Salut et merci, l’artiste ! 
Le dernier voyage de Gérard MATHIEU…

 « Quand il est mort le poète, tous ses amis pleuraient… »  chantait Gilbert Bécaud, il y a quelques années. Mardi dernier, en l’église de Bertrée, les amis de Gérard Mathieu étaient réunis autour de Françoise, sa compagne, pour dire un ultime au revoir à un homme emporté, bien trop tôt, par une maladie fulgurante… Permettez-moi d’évoquer sa personnalité riche et complexe.
 Oui, Gérard était un poète, à sa façon… Là où certains utilisent leur plume et les mots pour créer des images, lui, posait son regard et celui de ses objectifs sur des paysages, des situations, des personnes, pour parer d’éternité des moments de fragilité fugace, pour donner vie à des regards échangés ou à des sites d’une beauté indescriptible.

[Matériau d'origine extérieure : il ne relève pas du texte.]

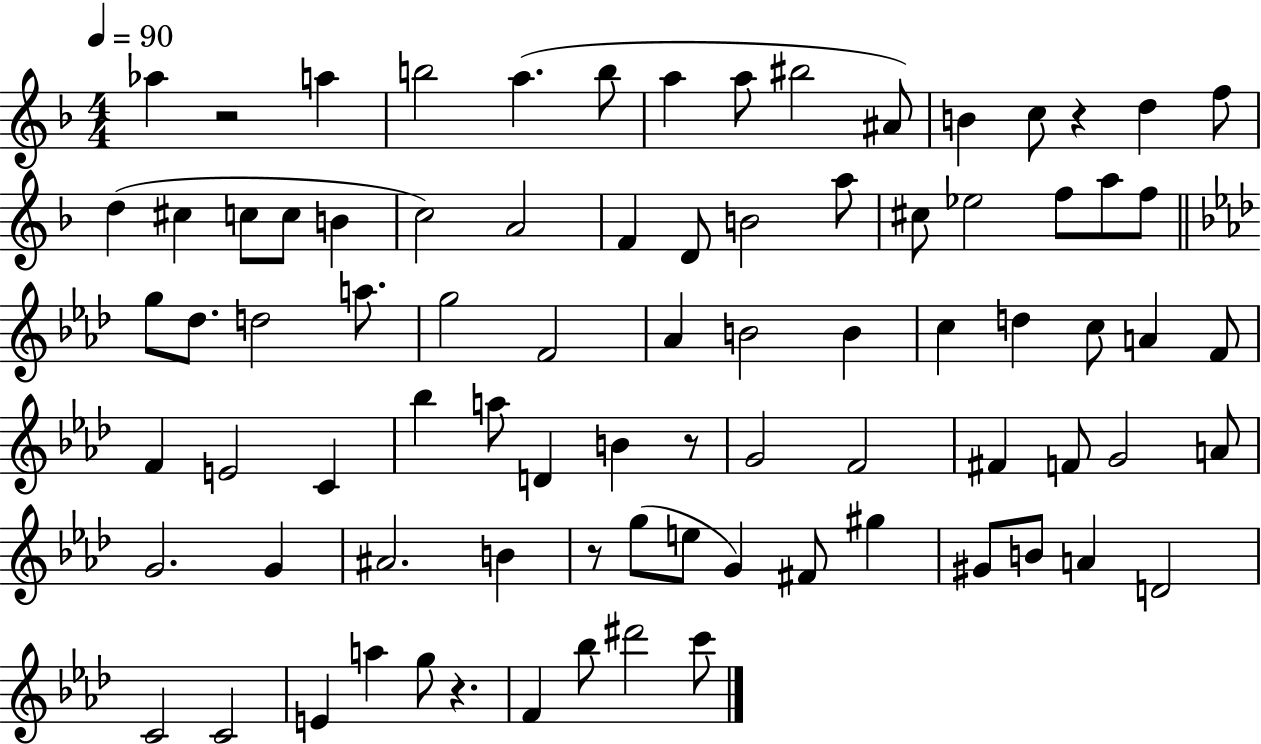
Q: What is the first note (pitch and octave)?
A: Ab5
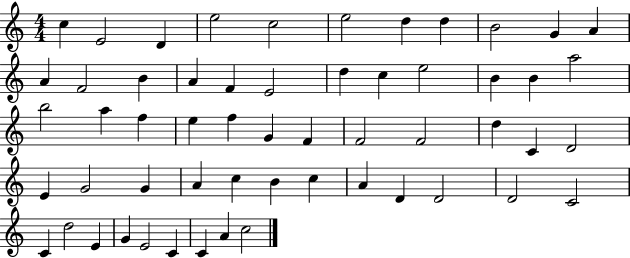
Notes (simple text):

C5/q E4/h D4/q E5/h C5/h E5/h D5/q D5/q B4/h G4/q A4/q A4/q F4/h B4/q A4/q F4/q E4/h D5/q C5/q E5/h B4/q B4/q A5/h B5/h A5/q F5/q E5/q F5/q G4/q F4/q F4/h F4/h D5/q C4/q D4/h E4/q G4/h G4/q A4/q C5/q B4/q C5/q A4/q D4/q D4/h D4/h C4/h C4/q D5/h E4/q G4/q E4/h C4/q C4/q A4/q C5/h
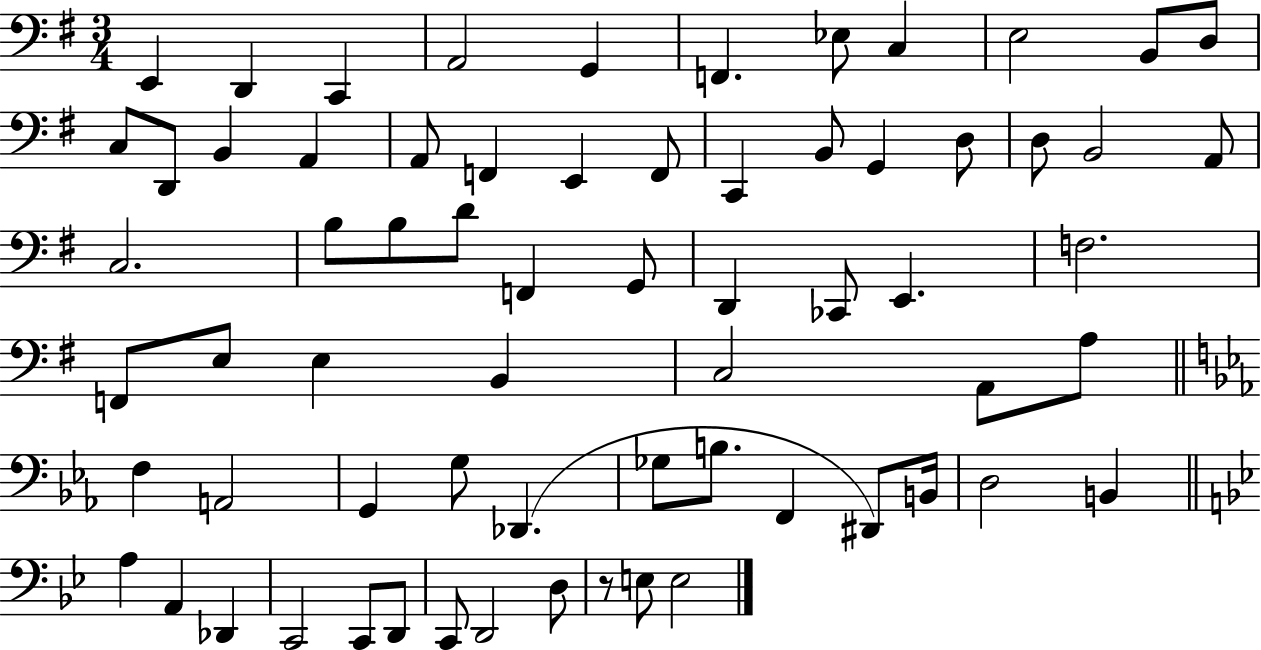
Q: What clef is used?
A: bass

 Poète, certes, mais aussi grand professionnel, amoureux de son métier jusque dans le détail, reconnu par ses pairs, non seulement en Belgique mais aussi à l’étranger, notamment en France, aux USA, en Australie, au Japon, en Chine… Sa collaboration avec le Sélection Reader Digest, avec Getty, la plus grande banque de photos au monde, avec nombre d’organismes nationaux et internationaux, avec des revues d’art et des musées connus à travers le monde, son rôle en tant qu’éditeur… témoignent à suffisance de cette excellence.

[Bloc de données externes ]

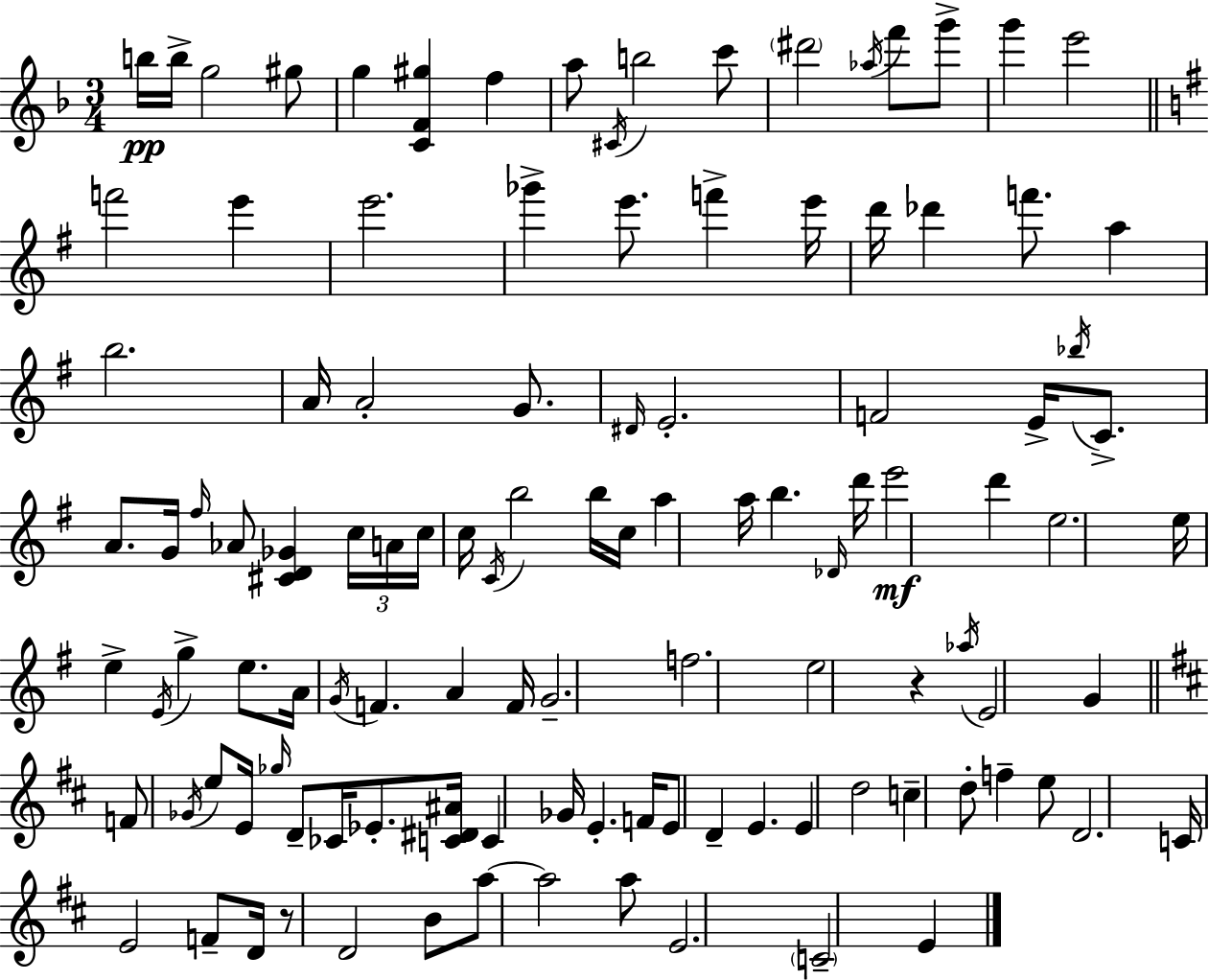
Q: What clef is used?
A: treble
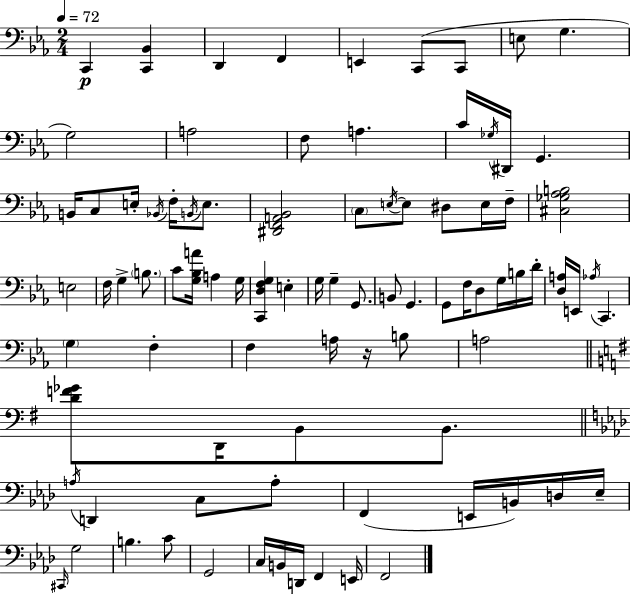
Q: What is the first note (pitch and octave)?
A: C2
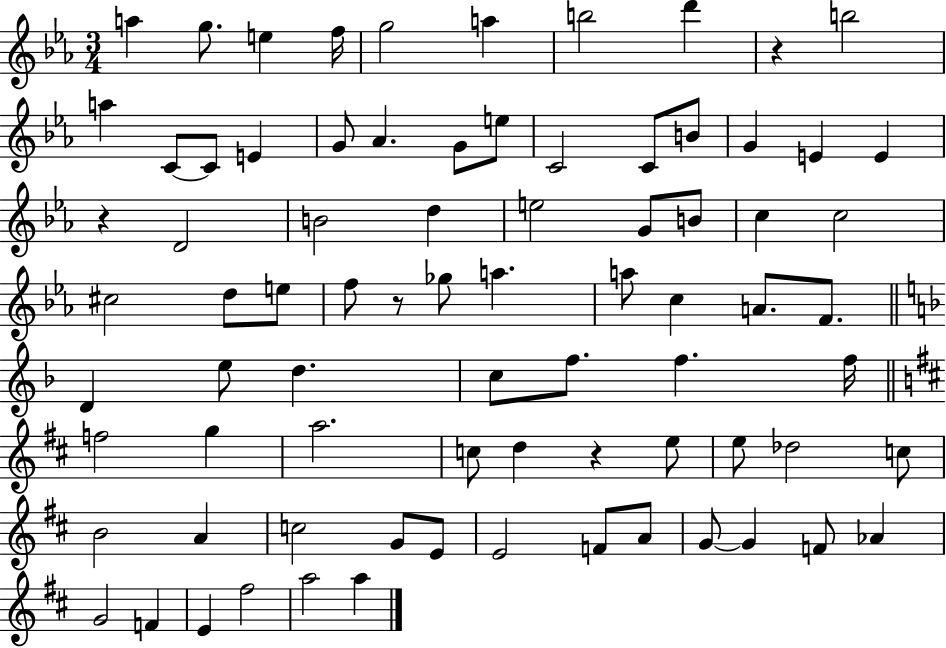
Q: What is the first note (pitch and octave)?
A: A5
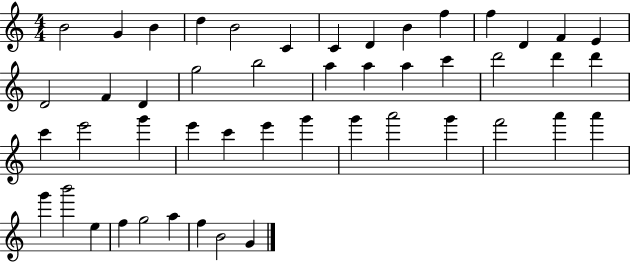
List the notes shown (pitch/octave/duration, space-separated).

B4/h G4/q B4/q D5/q B4/h C4/q C4/q D4/q B4/q F5/q F5/q D4/q F4/q E4/q D4/h F4/q D4/q G5/h B5/h A5/q A5/q A5/q C6/q D6/h D6/q D6/q C6/q E6/h G6/q E6/q C6/q E6/q G6/q G6/q A6/h G6/q F6/h A6/q A6/q G6/q B6/h E5/q F5/q G5/h A5/q F5/q B4/h G4/q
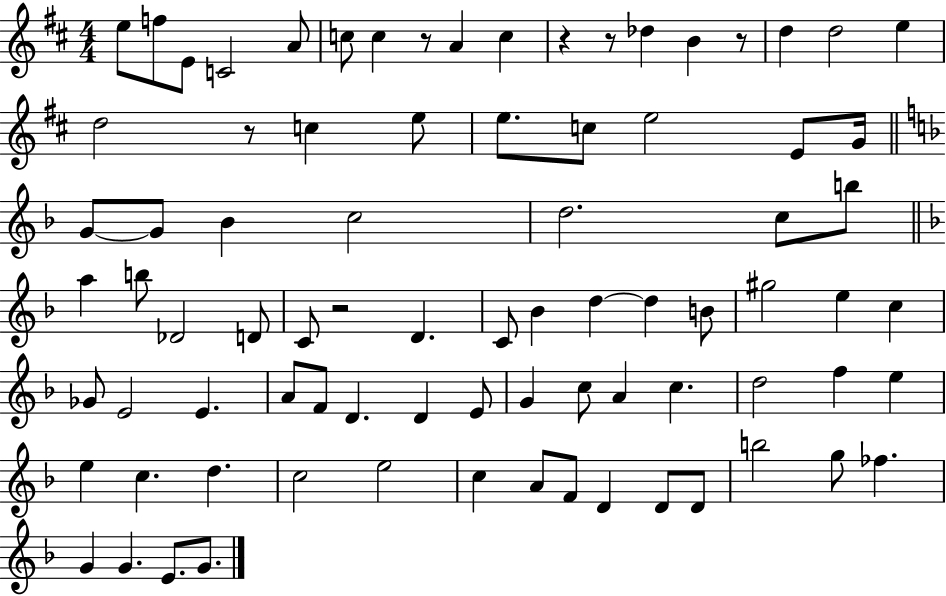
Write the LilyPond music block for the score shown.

{
  \clef treble
  \numericTimeSignature
  \time 4/4
  \key d \major
  \repeat volta 2 { e''8 f''8 e'8 c'2 a'8 | c''8 c''4 r8 a'4 c''4 | r4 r8 des''4 b'4 r8 | d''4 d''2 e''4 | \break d''2 r8 c''4 e''8 | e''8. c''8 e''2 e'8 g'16 | \bar "||" \break \key f \major g'8~~ g'8 bes'4 c''2 | d''2. c''8 b''8 | \bar "||" \break \key f \major a''4 b''8 des'2 d'8 | c'8 r2 d'4. | c'8 bes'4 d''4~~ d''4 b'8 | gis''2 e''4 c''4 | \break ges'8 e'2 e'4. | a'8 f'8 d'4. d'4 e'8 | g'4 c''8 a'4 c''4. | d''2 f''4 e''4 | \break e''4 c''4. d''4. | c''2 e''2 | c''4 a'8 f'8 d'4 d'8 d'8 | b''2 g''8 fes''4. | \break g'4 g'4. e'8. g'8. | } \bar "|."
}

 Humaniste aussi. C’était toujours un plaisir de discuter avec Gérard, d’actualité, de problèmes du monde, d’art, d’éthique, de politique, de philosophie … C’est ainsi que notre dernière conversation, peu avant son décès, nous avait menés du rire chaleureux au paradoxe des religions qui devraient unir les hommes et qui, malheureusement, sont souvent à l’origine de guerres impitoyables. Et cela peinait l’humaniste tolérant qu’il était… Humaniste dans la pensée, humaniste dans la culture, dans le goût de l’histoire et du beau. C’est d’ailleurs à la galerie d’art de Hannut que nous nous étions rencontrés. Françoise et lui y étaient des fidèles des expositions, n’hésitant pas à embellir leur maison de Bertrée, d’œuvres d’artistes souvent peu connus mais à qui ils reconnaissaient le talent de les émouvoir, de les faire vibrer.

 Gérard était également un homme à l’écoute des autres et prêt à les aider. C’est ainsi qu’il savait mettre ses talents au service de causes apparemment modestes, avec la même disponibilité, la même patience, le même soin que ceux qu’il apportait à des projets importants. Cette qualité, j’ai eu la chance de l’apprécier en préparant avec lui un recueil poétique qu’il m’a fait l’amitié d’illustrer de photos superbes qui ont contribué à donner une valeur ajoutée à cet ouvrage… L’artiste qu’il était m’avait vraiment compris, moi l’artisan, et avait su exprimer mes poèmes et sentiments avec une justesse étonnante et complice. Ce faisant, il s’était transformé en réalisateur de rêve, en semeur de bonheur.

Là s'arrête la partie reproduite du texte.